The following is excerpted from the third edition of the book:
No complete account of Samuel Davis' arrival and life in the New World has yet been discovered; therefore after extensive and careful examination of existing civil, church, military, and other published records, the following is offered as his story:
Local legend says that three brothers named Davis settled in Isle of Wight County, Virginia very early in its history. They arrived at Jamestown in the Virginia Colony from London, England on 6 July 1635, aboard the ship Paule, the master of which was Mr. Leonard Betts. Samuel and his two brothers, John and Richard, were part of a group of 115 persons from the town of Gravesend, in county Kent, England which carried with them a "certificate from the Minister of Gravesend of their Conformitie to the Church of England." His name on the ship's manifest is spelled "Samvell Davies" and his age is shown as 24 years. Also listed on the manifest were "John Davies", age 23; and "Richard Davies", age 20.
All three brothers probably initially lived in Charles River County, along with Samuel's father-in-law, John Benton. In 1642, Samuel assigned 400 acres in that county to John Benton. Brother John remained in Charles River, later called York County. Brothers Richard and Samuel removed to Isle of Wight County with their families.
1. Samuel Davis, I was born 1610 in Gravesend, co. Kent, England, and married about 1631 in England, Elizabeth Benton, daughter of John Benton, Sr. and Joane (_______), who was born about 1612 in England. Samuel died 1667 in Upper Parish, Isle of Wight Co., Va. Elizabeth died about 1675 in probably Lawnes Creek Parish, Surry Co., Va.

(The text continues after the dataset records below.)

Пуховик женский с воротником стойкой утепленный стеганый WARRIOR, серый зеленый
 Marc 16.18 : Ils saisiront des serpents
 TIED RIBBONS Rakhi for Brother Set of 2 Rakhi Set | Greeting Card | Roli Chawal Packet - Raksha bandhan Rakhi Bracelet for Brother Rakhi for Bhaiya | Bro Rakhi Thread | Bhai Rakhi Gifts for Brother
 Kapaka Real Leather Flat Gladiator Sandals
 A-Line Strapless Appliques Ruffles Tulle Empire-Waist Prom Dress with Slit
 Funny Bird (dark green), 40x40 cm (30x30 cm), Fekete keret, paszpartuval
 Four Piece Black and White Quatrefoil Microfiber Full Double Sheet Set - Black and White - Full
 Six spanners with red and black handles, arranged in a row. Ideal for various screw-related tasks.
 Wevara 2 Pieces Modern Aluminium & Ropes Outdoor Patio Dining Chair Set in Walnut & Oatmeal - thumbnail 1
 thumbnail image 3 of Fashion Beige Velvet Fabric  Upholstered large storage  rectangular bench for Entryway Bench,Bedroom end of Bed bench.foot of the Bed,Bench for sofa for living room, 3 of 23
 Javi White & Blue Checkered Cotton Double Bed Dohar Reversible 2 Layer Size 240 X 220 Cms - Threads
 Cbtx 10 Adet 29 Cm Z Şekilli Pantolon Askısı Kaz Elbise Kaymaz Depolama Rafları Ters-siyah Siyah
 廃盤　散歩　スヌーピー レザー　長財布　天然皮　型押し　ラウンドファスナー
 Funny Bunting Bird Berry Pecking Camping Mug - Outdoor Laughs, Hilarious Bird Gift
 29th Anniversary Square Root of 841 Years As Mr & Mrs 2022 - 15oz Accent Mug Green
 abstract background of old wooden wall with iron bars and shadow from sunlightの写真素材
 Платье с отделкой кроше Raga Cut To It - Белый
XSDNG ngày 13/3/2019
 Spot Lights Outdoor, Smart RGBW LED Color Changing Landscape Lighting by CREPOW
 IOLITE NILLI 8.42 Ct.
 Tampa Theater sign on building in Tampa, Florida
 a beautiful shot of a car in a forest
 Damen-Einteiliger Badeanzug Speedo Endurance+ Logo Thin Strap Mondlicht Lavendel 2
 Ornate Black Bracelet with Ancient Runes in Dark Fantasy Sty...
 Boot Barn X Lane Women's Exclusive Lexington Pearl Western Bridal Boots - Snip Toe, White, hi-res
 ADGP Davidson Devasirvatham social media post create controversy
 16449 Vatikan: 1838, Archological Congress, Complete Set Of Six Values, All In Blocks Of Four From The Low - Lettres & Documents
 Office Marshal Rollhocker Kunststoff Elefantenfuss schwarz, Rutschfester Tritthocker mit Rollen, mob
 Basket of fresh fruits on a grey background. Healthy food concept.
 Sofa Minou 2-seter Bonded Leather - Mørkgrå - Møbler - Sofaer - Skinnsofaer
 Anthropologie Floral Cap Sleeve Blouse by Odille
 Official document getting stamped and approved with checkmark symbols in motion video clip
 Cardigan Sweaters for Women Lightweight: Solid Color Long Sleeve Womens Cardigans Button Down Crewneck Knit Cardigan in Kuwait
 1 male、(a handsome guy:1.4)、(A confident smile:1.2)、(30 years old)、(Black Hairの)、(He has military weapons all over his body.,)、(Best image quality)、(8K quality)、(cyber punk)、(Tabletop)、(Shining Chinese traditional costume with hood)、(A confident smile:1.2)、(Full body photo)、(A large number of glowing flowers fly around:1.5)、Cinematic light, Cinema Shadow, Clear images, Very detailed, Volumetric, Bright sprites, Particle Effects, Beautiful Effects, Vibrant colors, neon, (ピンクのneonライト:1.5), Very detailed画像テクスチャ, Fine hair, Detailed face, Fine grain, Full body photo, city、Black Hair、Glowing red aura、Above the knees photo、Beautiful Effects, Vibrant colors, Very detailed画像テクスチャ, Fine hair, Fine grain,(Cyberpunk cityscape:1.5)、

The first mention of Samuel's name in the records of Virginia does not occur until 4 Oct 1640. On that date "Sir Francis Wyatt grants to Samuel Davis 100 acres on a branch of Pagan Creek, adjoining Nathaniel Floyd", in Isle of Wight County. On 22 April 1668, after his father's death, Samuel Davis II, of Albemarle County, Carolina, deeded this tract to his brother, John Davis of Isle of Wight County, Virginia. On 15 June 1642, he purchased another 100 acres in Isle of Wight County from William Strange(*). In the same month, Isle of Wight County was divided into two parishes, the Upper and the Lower. The boundary between the two parishes was made at Sam Davis' second plantation on Lawne's Creek. This tract was sold by Samuel Davis II, to John Bond on 12 May 1668. (*)There is a conflict between two sources as to the name of the man from whom Samuel Davis I, purchased this tract. Boddie, in his book Seventeenth Century Isle of Wight County, Virginia, states the man's name to be "William Stringer"; while Winslow in her book, History of Perquimans County, North Carolina, gives the name as "William Strange". One of the other passengers listed in the group that arrived at the Virginia Colony aboard the Paule in July, 1635 with "Samvell Davies" and his brothers was "William Strange". This discrepancy will not be resolved until further research or perhaps examination of the original document can be made.
Neither a will, nor an inventory of his estate, nor any other document detailing the division of the estate of Samuel Davis I, has been located, therefore two of his sons are linked to him by circumstantial evidence at present. Three sons lived on plantations which were very near to each other in the Lawnes Creek and Southwark Parishes of Isle of Wight and Surry Counties of Virginia. The eldest son, Samuel II, removed to the Carolina Colony in about 1660.